DO NOT AUTOSCALE : PBCTF 4.0 RCA

The Incident

On 02.08.25, during PBCTF 4.0 - our college club Point Blank's flagship CTF competition - we experienced what every CTF organizer fears: a complete platform outage. For 35 agonizing minutes from 10:00AM to 10:35AM IST, Me and Govind tried bringing the service back up while 45-50 of our other teammates made memes and helped calm the revolting participants.

The incident was not a complete outage as we had a backup ctfd deployment running on our own PB Server, pointing to a different DNS, to which we directed traffic. Sadly, the PB Server was not powerful enough to handle all 400 participants but it did take care of approximately half of them while the rest of PB Members distracted the other half set of participants.
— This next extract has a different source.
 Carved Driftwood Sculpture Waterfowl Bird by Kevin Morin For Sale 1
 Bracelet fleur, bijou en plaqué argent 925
Credits to our senior Ashutosh Pandey for the idea to keep a backup deployment ready.

Introduction

I am Akash Singh, a final year engineering student and Open Source Contributor from Bangalore.
Here is my LinkedIn, GitHub and Twitter

I go by the name SkySingh04 online.

Timeline of Events

T-0: The Calm Before the Storm

The opening ceremony went great and we were ready to get the CTF Started. Both deployments were healthy and participants were logging on and getting ready for the CTF.

Our GCP Kubernetes cluster was a sweet deal, we spent 1000 INR to get 25000 INR in GCP credits and felt invincible with all that cloud power at our disposal.

T+5 minutes: "Let's Scale!"

Traffic was picking up. In a moment of what seemed like devops big brain time (it wasn't), I decided to scale up our pods. After all, who doesn't love autoscaling? 25000 INR needs to be used afterall.

# What could possibly go wrong?
spec:
  replicas: 2  # YOLO
Me Chilling after ""AutoSCAllINg""

T+10 minutes: The First Signs of Trouble

New pods started spinning up. They attempted to run database migrations - standard procedure, right? Wrong. The pods immediately crashed with migration errors.

T+15 minutes: Panic Mode Activated

Our initial hypothesis: "Must be a migration issue!"

The night before, Govind said he ran some custom migrations. Maybe something was incompatible? In my big brain, I decided to delete all pods and start fresh.

kubectl delete pods --all -n ctfd
# Famous last words: "This will fix it"

T+16 minutes: Full Outage

Congratulations, we played ourselves. All pods gone. CTFd completely down on k8s deployment and then all of PB started calling at the same time :

The Backup That Saved Us

Here's where we owe a massive thank you to Ashutosh bhaiya for his prescient advice: "Always keep a backup deployment ready."

We had a secondary CTFd instance running on our PB server - completely separate from the Kubernetes cluster but connected to the same database. While Govind and I battled with the K8s deployment, this backup instance kept serving traffic to some participants.


The Real Culprit

After 30 minutes of debugging, checking migration scripts and nearly crying to claude for a fix, I saw one emergency pod created after some random claude commands finally healthy.

After everything settled down and we sat down for the RCA, we found out the real issue.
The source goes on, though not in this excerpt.